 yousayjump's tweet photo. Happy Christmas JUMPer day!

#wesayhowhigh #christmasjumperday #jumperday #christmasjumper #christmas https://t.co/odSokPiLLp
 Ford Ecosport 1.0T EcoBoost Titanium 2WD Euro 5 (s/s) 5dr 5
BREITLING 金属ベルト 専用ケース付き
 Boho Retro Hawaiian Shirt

##############################

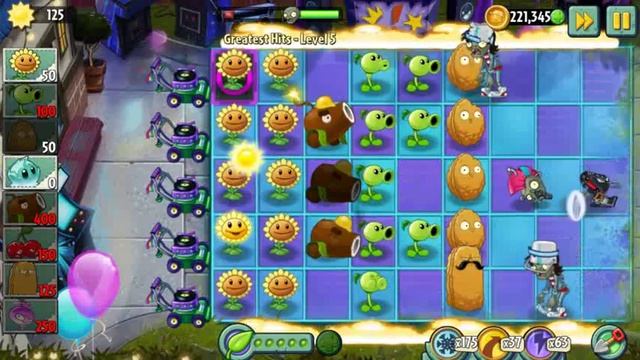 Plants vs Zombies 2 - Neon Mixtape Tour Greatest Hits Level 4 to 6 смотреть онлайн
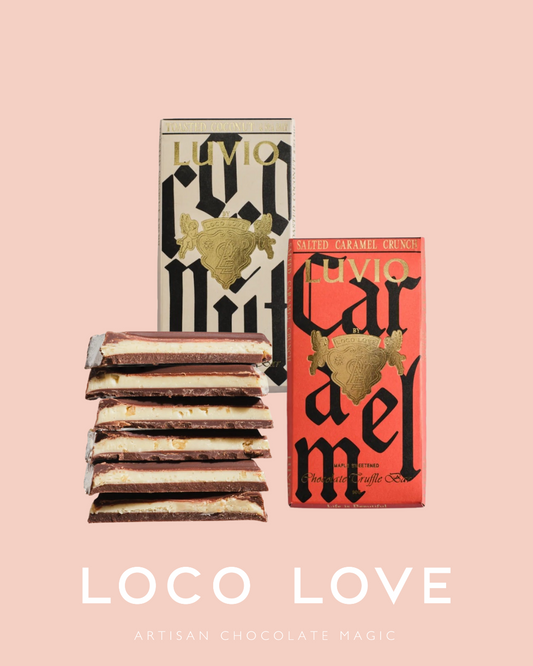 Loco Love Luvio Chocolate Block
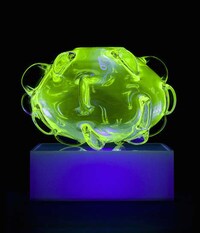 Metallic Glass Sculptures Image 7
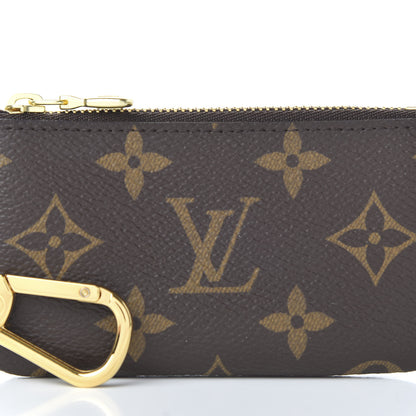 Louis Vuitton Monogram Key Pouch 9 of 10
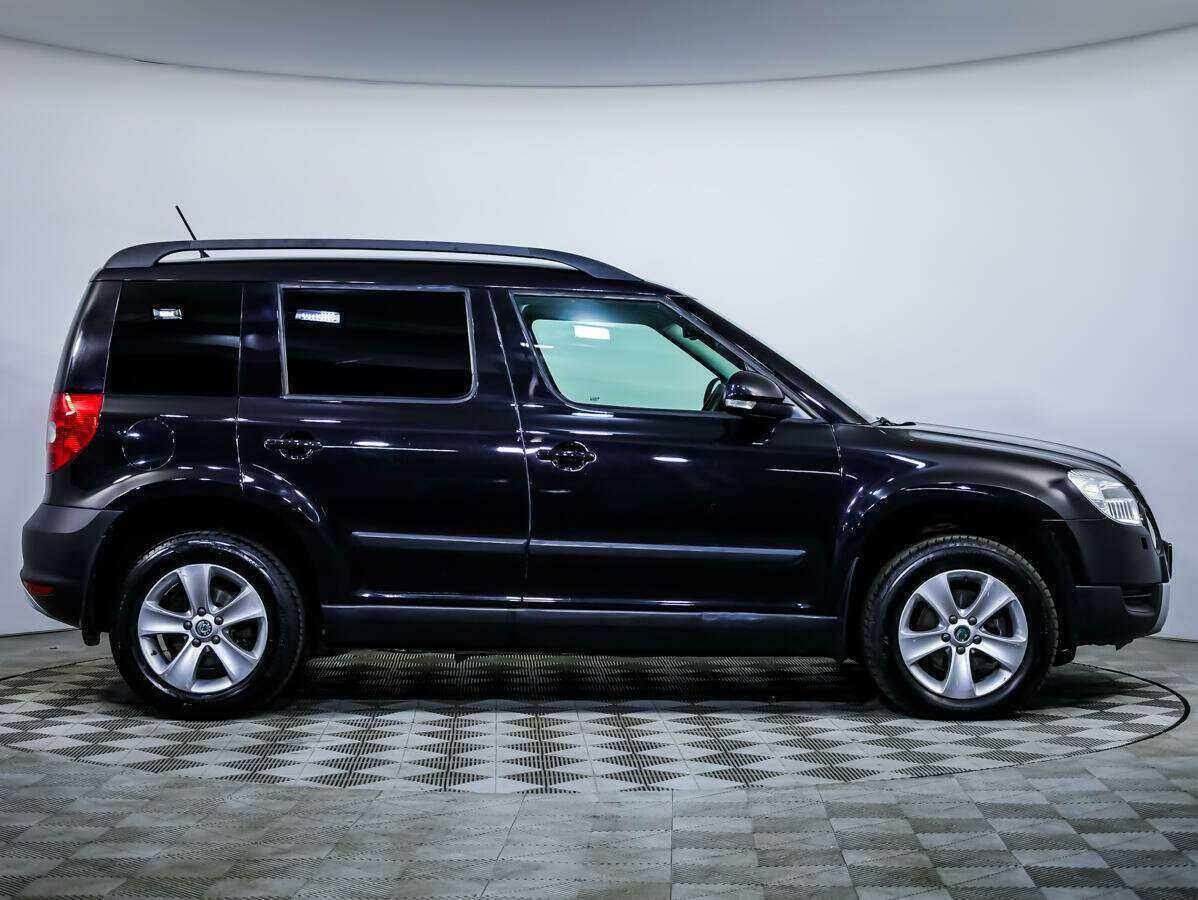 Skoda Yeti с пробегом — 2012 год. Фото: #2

##############################

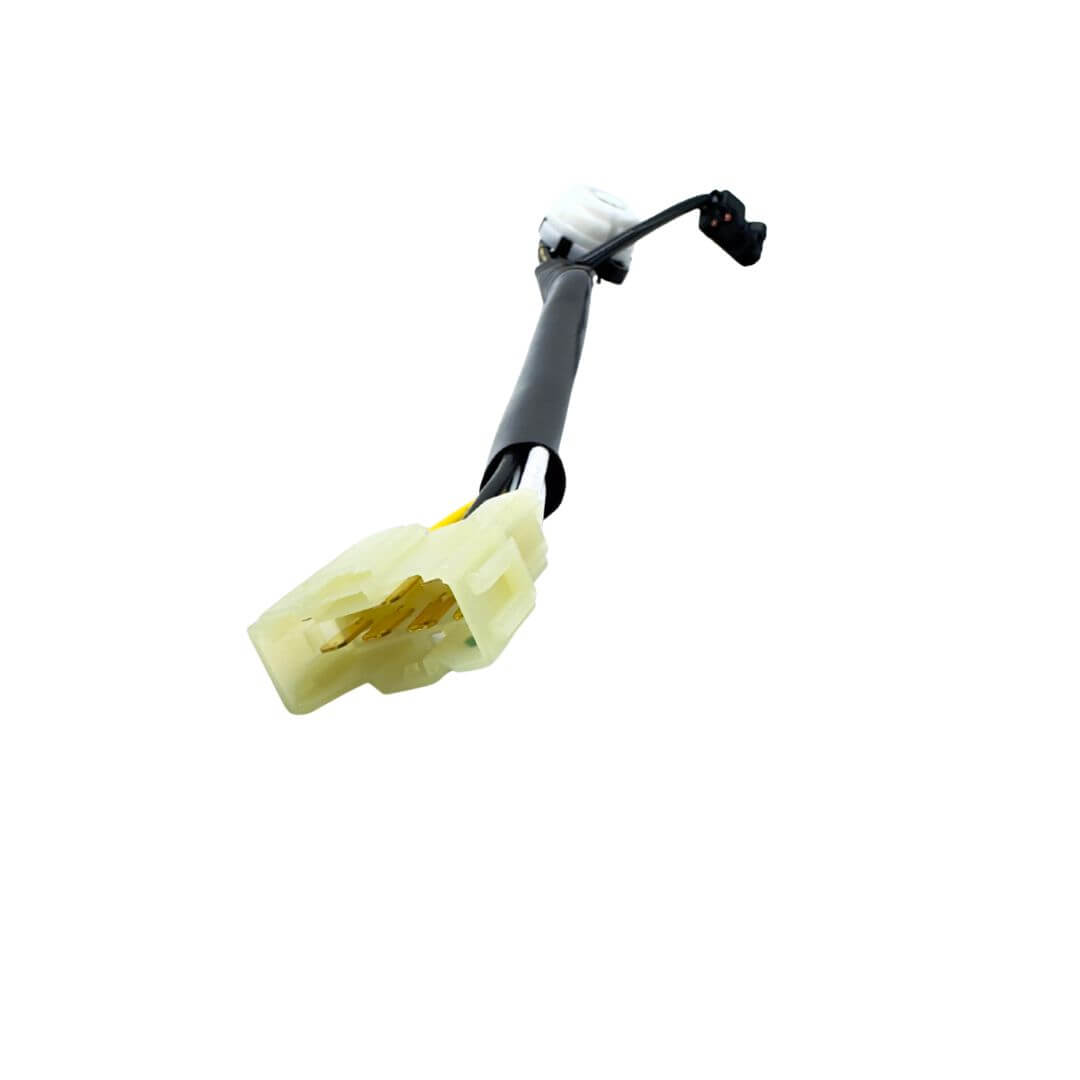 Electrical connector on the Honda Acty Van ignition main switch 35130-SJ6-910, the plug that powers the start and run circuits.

##############################

▸ **Activity**: Set down precisely the lines above between the line holding "#wesayhowhigh #christmasjumperday #jumperday" and the line holding "Boho Retro Hawaiian Shirt", inclusive, and nothing beyond them.

▸ **Exercise answer**:
#wesayhowhigh #christmasjumperday #jumperday #christmasjumper #christmas https://t.co/odSokPiLLp
 Ford Ecosport 1.0T EcoBoost Titanium 2WD Euro 5 (s/s) 5dr 5
BREITLING 金属ベルト 専用ケース付き
 Boho Retro Hawaiian Shirt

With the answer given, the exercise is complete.